### YOUR GOAL
Use the entries below and reproduce exactly the lines from the one containing "PPFM Smile Japanese" down to the one containing "Polresta Kendari Tetapkan", both of them included.

***

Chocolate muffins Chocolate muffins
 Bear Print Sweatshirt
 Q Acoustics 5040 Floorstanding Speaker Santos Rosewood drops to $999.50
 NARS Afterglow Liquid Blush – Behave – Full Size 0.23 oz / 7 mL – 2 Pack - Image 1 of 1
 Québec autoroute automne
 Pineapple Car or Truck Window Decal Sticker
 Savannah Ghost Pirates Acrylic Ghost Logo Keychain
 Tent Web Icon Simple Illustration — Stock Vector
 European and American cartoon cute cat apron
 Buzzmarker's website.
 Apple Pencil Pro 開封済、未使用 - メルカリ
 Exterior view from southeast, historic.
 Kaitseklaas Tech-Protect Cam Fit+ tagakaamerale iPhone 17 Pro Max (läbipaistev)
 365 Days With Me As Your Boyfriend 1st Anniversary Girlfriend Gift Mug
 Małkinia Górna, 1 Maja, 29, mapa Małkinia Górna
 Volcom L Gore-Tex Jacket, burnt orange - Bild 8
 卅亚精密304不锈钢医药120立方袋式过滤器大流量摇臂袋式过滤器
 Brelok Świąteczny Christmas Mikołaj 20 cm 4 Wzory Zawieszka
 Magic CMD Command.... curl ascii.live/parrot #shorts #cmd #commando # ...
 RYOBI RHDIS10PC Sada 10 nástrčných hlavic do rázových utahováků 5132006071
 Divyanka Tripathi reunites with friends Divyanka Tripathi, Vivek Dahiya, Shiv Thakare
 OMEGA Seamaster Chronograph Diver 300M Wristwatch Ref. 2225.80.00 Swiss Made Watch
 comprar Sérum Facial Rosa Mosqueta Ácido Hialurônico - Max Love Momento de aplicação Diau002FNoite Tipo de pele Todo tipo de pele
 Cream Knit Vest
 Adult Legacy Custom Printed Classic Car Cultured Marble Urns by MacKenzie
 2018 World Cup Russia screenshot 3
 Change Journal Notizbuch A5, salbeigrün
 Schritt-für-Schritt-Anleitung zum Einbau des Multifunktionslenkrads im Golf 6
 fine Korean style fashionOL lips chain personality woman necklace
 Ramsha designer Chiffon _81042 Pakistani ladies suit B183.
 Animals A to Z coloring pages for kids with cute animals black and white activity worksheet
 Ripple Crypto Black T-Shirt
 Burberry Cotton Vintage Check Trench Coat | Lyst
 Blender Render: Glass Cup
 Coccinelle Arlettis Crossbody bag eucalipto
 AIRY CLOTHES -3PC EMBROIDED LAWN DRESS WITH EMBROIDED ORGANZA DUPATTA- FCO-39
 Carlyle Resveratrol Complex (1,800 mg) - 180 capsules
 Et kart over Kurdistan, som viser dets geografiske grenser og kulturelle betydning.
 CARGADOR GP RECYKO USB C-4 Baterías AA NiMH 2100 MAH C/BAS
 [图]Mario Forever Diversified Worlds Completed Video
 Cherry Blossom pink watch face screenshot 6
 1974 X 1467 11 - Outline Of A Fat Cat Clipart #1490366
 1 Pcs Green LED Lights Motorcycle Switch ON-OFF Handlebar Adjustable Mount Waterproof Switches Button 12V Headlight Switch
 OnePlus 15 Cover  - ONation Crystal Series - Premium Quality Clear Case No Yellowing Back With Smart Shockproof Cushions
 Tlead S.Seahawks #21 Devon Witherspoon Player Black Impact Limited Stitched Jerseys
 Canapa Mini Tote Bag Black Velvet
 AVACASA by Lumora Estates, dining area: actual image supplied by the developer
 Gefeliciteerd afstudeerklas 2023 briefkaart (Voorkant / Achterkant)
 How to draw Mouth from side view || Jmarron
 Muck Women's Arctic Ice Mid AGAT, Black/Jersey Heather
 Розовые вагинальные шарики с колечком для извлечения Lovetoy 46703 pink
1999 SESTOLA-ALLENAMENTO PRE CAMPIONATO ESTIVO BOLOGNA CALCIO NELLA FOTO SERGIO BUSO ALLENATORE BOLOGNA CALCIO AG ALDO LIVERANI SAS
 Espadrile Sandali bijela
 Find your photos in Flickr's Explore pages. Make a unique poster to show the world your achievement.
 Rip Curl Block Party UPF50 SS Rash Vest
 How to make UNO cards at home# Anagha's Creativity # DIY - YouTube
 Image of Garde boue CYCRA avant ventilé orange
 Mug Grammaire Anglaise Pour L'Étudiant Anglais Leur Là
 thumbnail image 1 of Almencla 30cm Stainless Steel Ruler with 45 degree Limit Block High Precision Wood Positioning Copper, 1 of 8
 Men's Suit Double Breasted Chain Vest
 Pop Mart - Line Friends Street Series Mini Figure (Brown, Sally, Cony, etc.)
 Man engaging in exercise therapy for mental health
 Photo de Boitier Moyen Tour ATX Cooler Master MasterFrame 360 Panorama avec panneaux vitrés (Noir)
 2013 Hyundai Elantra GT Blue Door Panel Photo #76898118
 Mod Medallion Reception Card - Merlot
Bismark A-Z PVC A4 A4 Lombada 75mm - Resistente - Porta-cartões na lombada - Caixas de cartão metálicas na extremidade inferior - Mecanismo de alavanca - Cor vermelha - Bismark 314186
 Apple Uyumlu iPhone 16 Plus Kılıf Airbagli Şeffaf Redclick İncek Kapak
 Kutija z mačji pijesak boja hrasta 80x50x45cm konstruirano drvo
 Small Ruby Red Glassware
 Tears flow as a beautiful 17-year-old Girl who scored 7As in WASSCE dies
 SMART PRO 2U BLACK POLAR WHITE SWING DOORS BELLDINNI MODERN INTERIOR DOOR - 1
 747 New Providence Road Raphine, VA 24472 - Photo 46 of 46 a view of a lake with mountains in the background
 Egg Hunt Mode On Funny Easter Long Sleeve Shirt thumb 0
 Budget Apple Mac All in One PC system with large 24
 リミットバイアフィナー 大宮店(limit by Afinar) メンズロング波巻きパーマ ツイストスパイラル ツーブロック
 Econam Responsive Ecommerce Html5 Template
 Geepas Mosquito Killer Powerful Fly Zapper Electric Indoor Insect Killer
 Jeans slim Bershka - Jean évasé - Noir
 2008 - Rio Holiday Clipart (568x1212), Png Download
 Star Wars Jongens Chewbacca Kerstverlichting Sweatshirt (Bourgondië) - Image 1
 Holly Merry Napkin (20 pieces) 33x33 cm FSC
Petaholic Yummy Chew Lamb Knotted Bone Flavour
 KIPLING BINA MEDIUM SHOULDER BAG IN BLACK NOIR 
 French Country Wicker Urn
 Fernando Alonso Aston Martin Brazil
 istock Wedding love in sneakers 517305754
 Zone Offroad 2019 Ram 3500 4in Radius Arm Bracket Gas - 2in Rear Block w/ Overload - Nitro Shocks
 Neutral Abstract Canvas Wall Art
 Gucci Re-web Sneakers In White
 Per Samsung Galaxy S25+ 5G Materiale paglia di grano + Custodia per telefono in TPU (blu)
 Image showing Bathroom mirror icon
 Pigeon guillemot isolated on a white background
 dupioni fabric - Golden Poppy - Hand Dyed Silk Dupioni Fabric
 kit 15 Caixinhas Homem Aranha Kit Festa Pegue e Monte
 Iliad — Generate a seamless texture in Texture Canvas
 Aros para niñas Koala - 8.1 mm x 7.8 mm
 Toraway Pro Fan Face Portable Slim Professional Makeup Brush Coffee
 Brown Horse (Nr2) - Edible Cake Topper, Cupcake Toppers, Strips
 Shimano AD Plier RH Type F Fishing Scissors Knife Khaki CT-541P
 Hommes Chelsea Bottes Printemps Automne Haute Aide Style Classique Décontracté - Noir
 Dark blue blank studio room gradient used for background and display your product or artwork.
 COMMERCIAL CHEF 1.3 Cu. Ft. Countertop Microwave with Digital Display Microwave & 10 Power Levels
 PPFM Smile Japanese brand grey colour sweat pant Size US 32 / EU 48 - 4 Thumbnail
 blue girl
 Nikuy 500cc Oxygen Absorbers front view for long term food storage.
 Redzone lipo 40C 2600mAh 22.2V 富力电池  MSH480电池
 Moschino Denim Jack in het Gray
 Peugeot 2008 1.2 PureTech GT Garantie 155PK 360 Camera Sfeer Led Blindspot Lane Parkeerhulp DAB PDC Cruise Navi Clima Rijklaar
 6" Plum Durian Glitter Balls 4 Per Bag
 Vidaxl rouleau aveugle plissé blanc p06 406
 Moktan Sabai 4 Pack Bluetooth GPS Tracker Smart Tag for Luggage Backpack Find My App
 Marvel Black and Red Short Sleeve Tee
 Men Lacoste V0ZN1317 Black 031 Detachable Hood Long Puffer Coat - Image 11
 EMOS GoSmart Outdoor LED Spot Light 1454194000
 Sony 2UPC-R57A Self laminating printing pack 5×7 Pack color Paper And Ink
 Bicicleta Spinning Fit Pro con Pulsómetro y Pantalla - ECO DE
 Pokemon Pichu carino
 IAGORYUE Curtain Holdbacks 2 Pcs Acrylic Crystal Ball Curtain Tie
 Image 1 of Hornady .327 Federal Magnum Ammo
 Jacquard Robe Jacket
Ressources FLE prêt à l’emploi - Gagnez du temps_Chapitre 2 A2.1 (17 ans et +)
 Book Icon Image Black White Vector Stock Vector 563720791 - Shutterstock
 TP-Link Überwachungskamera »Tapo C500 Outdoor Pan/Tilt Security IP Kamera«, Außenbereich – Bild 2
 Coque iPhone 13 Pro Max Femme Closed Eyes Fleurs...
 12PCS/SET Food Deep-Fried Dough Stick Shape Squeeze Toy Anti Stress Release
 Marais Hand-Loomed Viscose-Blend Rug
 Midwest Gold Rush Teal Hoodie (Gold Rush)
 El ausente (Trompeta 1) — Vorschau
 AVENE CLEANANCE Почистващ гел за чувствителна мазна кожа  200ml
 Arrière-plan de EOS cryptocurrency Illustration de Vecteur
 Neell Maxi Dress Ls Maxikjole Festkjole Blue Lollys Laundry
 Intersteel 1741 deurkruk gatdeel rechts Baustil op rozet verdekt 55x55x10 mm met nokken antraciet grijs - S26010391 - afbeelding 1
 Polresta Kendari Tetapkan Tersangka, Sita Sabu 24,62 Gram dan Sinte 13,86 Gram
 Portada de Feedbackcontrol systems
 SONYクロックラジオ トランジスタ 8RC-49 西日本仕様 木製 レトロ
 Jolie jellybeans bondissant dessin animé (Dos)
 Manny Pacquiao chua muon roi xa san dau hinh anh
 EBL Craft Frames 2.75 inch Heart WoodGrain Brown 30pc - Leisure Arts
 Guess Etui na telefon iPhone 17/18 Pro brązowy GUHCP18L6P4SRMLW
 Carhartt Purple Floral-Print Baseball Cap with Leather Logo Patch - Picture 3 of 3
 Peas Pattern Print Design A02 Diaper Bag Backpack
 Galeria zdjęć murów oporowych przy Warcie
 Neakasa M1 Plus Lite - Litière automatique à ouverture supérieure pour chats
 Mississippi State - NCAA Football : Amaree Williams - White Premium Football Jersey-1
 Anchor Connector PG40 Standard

***

### ANSWER SPACE
 PPFM Smile Japanese brand grey colour sweat pant Size US 32 / EU 48 - 4 Thumbnail
 blue girl
 Nikuy 500cc Oxygen Absorbers front view for long term food storage.
 Redzone lipo 40C 2600mAh 22.2V 富力电池  MSH480电池
 Moschino Denim Jack in het Gray
 Peugeot 2008 1.2 PureTech GT Garantie 155PK 360 Camera Sfeer Led Blindspot Lane Parkeerhulp DAB PDC Cruise Navi Clima Rijklaar
 6" Plum Durian Glitter Balls 4 Per Bag
 Vidaxl rouleau aveugle plissé blanc p06 406
 Moktan Sabai 4 Pack Bluetooth GPS Tracker Smart Tag for Luggage Backpack Find My App
 Marvel Black and Red Short Sleeve Tee
 Men Lacoste V0ZN1317 Black 031 Detachable Hood Long Puffer Coat - Image 11
 EMOS GoSmart Outdoor LED Spot Light 1454194000
 Sony 2UPC-R57A Self laminating printing pack 5×7 Pack color Paper And Ink
 Bicicleta Spinning Fit Pro con Pulsómetro y Pantalla - ECO DE
 Pokemon Pichu carino
 IAGORYUE Curtain Holdbacks 2 Pcs Acrylic Crystal Ball Curtain Tie
 Image 1 of Hornady .327 Federal Magnum Ammo
 Jacquard Robe Jacket
Ressources FLE prêt à l’emploi - Gagnez du temps_Chapitre 2 A2.1 (17 ans et +)
 Book Icon Image Black White Vector Stock Vector 563720791 - Shutterstock
 TP-Link Überwachungskamera »Tapo C500 Outdoor Pan/Tilt Security IP Kamera«, Außenbereich – Bild 2
 Coque iPhone 13 Pro Max Femme Closed Eyes Fleurs...
 12PCS/SET Food Deep-Fried Dough Stick Shape Squeeze Toy Anti Stress Release
 Marais Hand-Loomed Viscose-Blend Rug
 Midwest Gold Rush Teal Hoodie (Gold Rush)
 El ausente (Trompeta 1) — Vorschau
 AVENE CLEANANCE Почистващ гел за чувствителна мазна кожа  200ml
 Arrière-plan de EOS cryptocurrency Illustration de Vecteur
 Neell Maxi Dress Ls Maxikjole Festkjole Blue Lollys Laundry
 Intersteel 1741 deurkruk gatdeel rechts Baustil op rozet verdekt 55x55x10 mm met nokken antraciet grijs - S26010391 - afbeelding 1
 Polresta Kendari Tetapkan Tersangka, Sita Sabu 24,62 Gram dan Sinte 13,86 Gram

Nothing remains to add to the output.